Data excerpts:
....
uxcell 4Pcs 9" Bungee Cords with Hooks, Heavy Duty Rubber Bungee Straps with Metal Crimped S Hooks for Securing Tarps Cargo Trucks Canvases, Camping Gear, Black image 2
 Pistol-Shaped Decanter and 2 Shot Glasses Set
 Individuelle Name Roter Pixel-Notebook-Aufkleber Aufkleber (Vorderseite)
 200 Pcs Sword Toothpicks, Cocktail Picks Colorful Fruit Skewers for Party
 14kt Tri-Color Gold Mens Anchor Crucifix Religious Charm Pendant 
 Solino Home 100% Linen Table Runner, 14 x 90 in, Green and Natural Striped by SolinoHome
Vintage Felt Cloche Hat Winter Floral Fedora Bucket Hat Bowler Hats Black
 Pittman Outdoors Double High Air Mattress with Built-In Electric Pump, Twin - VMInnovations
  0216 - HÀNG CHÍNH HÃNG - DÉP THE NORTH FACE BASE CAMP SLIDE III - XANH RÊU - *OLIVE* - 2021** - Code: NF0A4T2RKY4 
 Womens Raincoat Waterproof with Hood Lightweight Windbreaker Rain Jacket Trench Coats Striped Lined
....
Work to be completed:
From the records above, retype only the lines starting at the line that contains "200 Pcs Sword" and ending at the line that contains "Vintage Felt Cloche", both included.

Response area:
 200 Pcs Sword Toothpicks, Cocktail Picks Colorful Fruit Skewers for Party
 14kt Tri-Color Gold Mens Anchor Crucifix Religious Charm Pendant 
 Solino Home 100% Linen Table Runner, 14 x 90 in, Green and Natural Striped by SolinoHome
Vintage Felt Cloche Hat Winter Floral Fedora Bucket Hat Bowler Hats Black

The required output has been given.